There are costs involved in having repayments more frequently than annually.  The amount you receive from twelve monthly payments is usually less than the amount you would have received if you just received one payment at the end of the year.

Variable Annuities when the annuities allow for increasing income streams

Annuity contracts can provide for the amount of the repayment to increase by, say, 3%, each year.  The repayments under an indexed annuity start lower in the first year and increase at the agreed rate each year so that the final year repayment is much higher than under a fixed rate contract.

Security of the annuities capital and income streams

If I handover $100,000 to purchase an annuity, what security do I have that the annuity payments will keep coming into my bank account for the whole term of the annuity contract?

The only organisations allowed to sell annuity contracts in Australia are life insurance companies that are registered and supervised by APRA.  Each year every Australian life insurance company must demonstrate to APRA that it holds enough financial assets to meet all of its commitments to policyholders, including annuitants.

Cashing in an annuity?

Lifetime annuity contracts cannot be ‘commuted’ for a lump sum, that is, cashed in.  There is a 30 day ‘cooling off’ period starting from when you receive your annuity contract document from the life office.  You may return the policy and receive a refund of your annuity purchase price during your cooling off period.  Once the 30 days are over your contract really is ‘non-commutable’.  You cannot ask for a lump sum payout when your health deteriorates and your prospects dim.

Your executors may choose to continue to receive the annuity payments for the remainder of the guaranteed or fixed annuity period.  The life office could offer the executors the option of receiving a final lump sum payout in lieu of the outstanding guaranteed annuity payments.
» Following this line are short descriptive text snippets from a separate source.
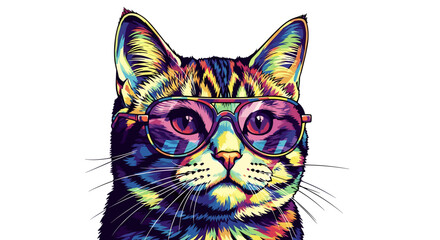 Naklejka na meble Colorful cat wearing sunglasses with a reflective lens effect art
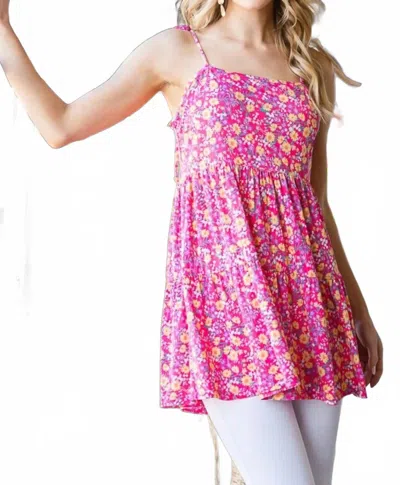 Heimish Usa Full Size Floral Tie Shoulder Tiered Cami In Fuchsia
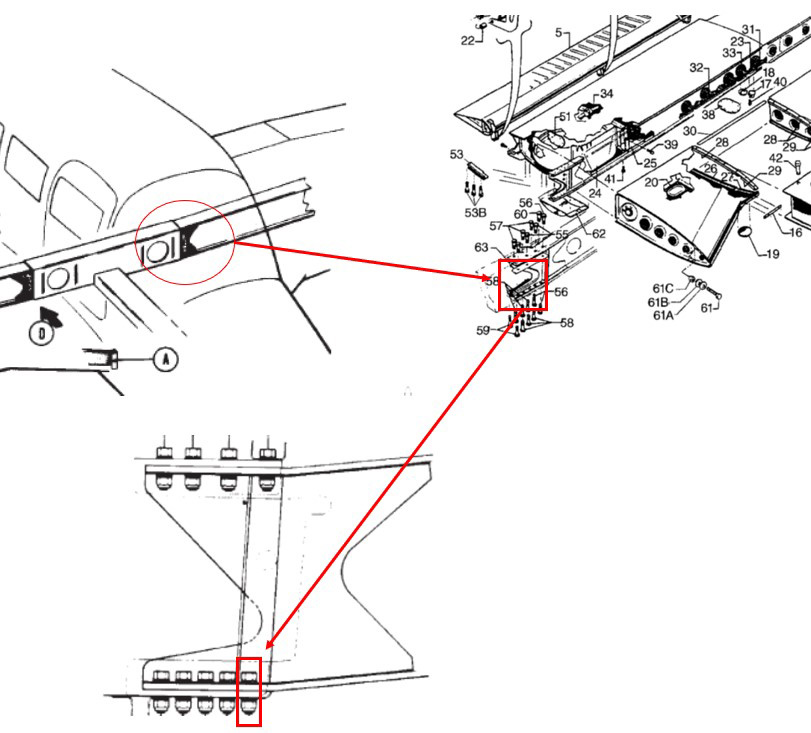 This NTSB graphic highlights the left-wing assembly and attachment bolt for a Piper PA-28R-201. The NTSB is investigating the April 4 crash of a Piper PA-28R-201 that killed two people near Daytona Beach, Florida. The wing spar attachment bolt hole is an area of interest to the NTSB in its investigation. NTSB graphic created from illustrations in the Piper Aircraft, Inc., PA-28-R-201 Arrow, Airplane Parts Catalog, and the Piper Aircraft Inc. PA-28R-201 Arrow Maintenance Manual.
Annuities as Income Streams at Centrelink

Centrelink treat most annuities for terms in excess of 5 years as ‘income streams’ not ‘financial assets’.  As a result, the amount that Centrelink count as ‘income’ in respect of your annuity, for the Age Pension Income Test would be different from the deemed income in respect of the money still tied up in the annuity.

Prior to 20 September 2004, lifetime annuities and non-commutable annuities with a fixed term for the shorter of the purchaser’s life expectancy and 15 years were ‘exempt assets’ for the Age Pension Asset Test.

The exemption was reduced to 50% of the ‘value’ of the annuity for annuities purchased between 20 September 2004 and 19 September 2007.  The exemption does not apply to any annuities purchased after 19 September 2007.

Annuities purchased before 20 September 2007 retain their full or part exemptions from the Asset Test.

Advantages of buying Annuities as Income Streams.

The main advantages of annuities  as income streams are
During the earlier years of the contract, the Centrelink Income Test treatment of the investment is usually more favourable than for keeping the cash in the bank.  This advantage could disappear if the deeming rates drop substantially.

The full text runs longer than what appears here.